Much of the conference addressed developments surrounding the Fedora, DSpace and EPrints systems that have occurred over the last year. There was also a number of presentations and discussions in respect of the new strategic partnership between the DSpace Foundation and Fedora Commons, including much mention of the new DuraSpace Project [3], a joint endeavour to provide a Web-based service for storing digital content in the cloud. Microsoft was much in evidence at the event as well, launching its new Zentity repository system as well as demonstrating and presenting its range of scholarly tools [4].

The Cutting Edge of SWORD

Adrian Stevenson, UKOLN and Julie Allinson, University of York

Julie began by giving some background to the SWORD2 Project; she explained that SWORD (Simple Web-service Offering Repository Deposit) is concerned with lowering the barriers to deposit and that before SWORD, there was no accepted, standardised means to deposit into repositories. The project team decided that the development of a profile of the Atom Publishing Protocol [5] was the best fit to meet the use cases and requirements. SWORD facilitates remote deposit of items into a repository. This could be from a user's desktop, for instance from word-processing applications. It can also facilitate multiple deposit, for example to a funder's repository, a national subject-based repository or an institutional repository, in one click. The SWORD profile provides extensions and constraints to the Atom Publishing Protocol to meet the needs of the repository community, in particular addressing requirements such as package deposit and mediated deposit, i.e. deposit on behalf of another. The project has developed and provided demonstrator repository installations of Fedora, DSpace, EPrints and Intralibrary which any user can access to test SWORD deposit. The project has also provided a number of demonstrator deposit clients that can be used with the demo repositories or any other SWORD-enabled repositories to test SWORD implementations. I then gave a live demonstration of a number of deposit clients that the SWORD2 Project has developed including a Web page-based client and a Facebook client. The presentation was well received judging by the number of questions, feedback direct to us after the talk and via some positive comments over Twitter [6].
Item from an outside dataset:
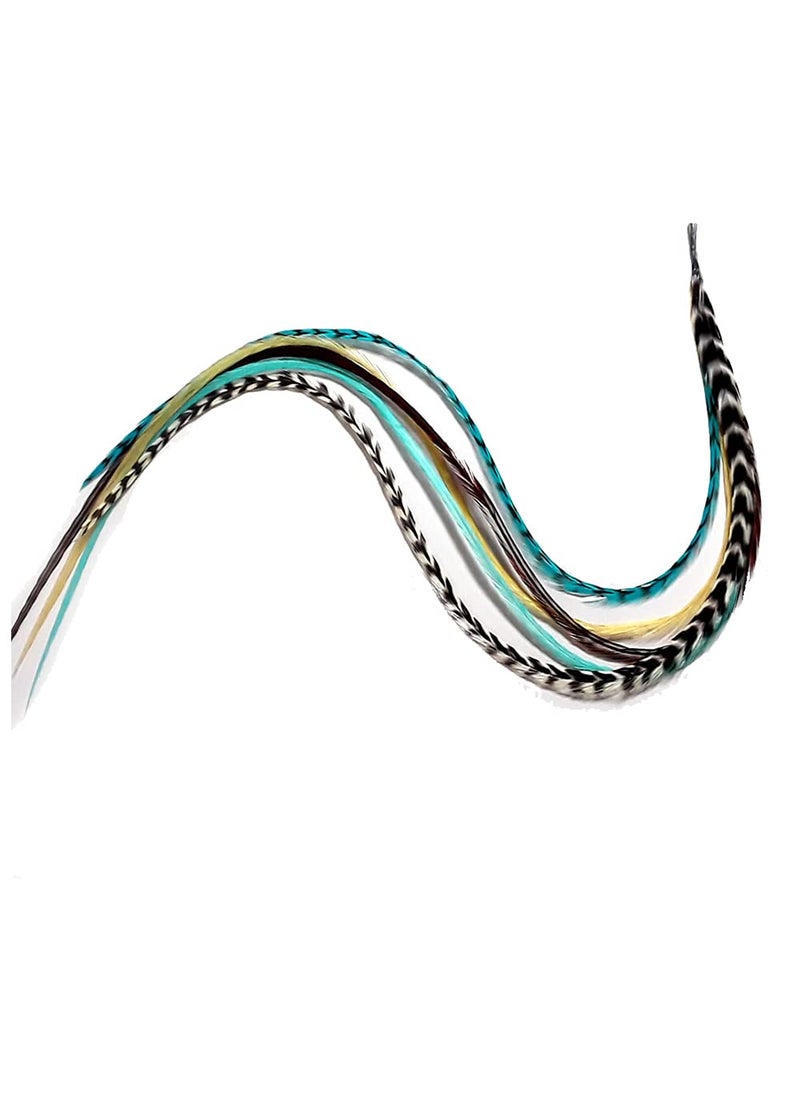 Feather Hair Extension  Seven Real Turquoise Grizzly  Brown Long Thin Feathers Ranging from 7 to 10 Inches One Extension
photo (52KB) : Georgia Tech campus

Georgia Tech campus

Connecting Authors and Repositories through SWORD

Pablo Fernicola, Microsoft Scholarly Communications

We were followed by Pablo Fernicola from Microsoft. Pablo talked about and demonstrated the 'Authoring Add-in for Word 2007' [7] that Microsoft has developed which incorporates SWORD and which means it's now possible for authors to deposit articles directly from Word. The SWORD-related information is incorporated into template files, so all the author has to do is click a button. Moreover, through the add-in, author metadata can be gathered in a largely automated fashion, reducing duplication in data entry and author irritation.

I think it's fair to say that SWORD was a very popular topic throughout the conference, getting numerous name checks in presentations. Pablo as well as Alex Wade and Lee Dirks, also of Microsoft, have been doing a great job of marketing SWORD in their presentations about the Word Authoring Add-in and the new SWORD-enabled Zentity repository system [8] that was officially launched at the event.

Strategies for Innovation and Sustainability: Insights from Leaders of Open Source Repository Organisations

DSpace Foundation and Fedora Commons

Michele Kimpton, DSpace Foundation and Sandy Payette, Fedora Commons

Sandy and Michele talked about the new Duraspace initiative and how it is relevant to the broader issue of sustainability. There was talk about how Duraspace can add value to the general strategy of being mission driven. A key goal of Duraspace is to support the two communities and seek synergies to achieve a critical mass for innovation. The benefits of this approach are efficiency and widening access to funding opportunities, partly by reducing the amount of competition. There was acknowledgement that there is some degree of risk of over-committing given the limited resources available.

Eprints

Les Carr, University of Southampton

Les began with a fairly detailed history of Eprints [9] in order to provide some historical context to the issue of sustainability. According to Les, the bottom line was that sustainability came down to funding in the case of Eprints. Resources were needed for innovation, and were typically being provided by funding bodies such as JISC [10] as well as some commercial customers. The main resources doing the innovation in this instance were the existing Eprints team. Les saw the benefit of the Eprints approach as one of achieving coherent developments with effective innovation, whilst striking a good balance of providing many free as well as some paying services. Some disadvantages were low commitment from platform adopters, little inter-adopter contact and reduced visibility in the wider community.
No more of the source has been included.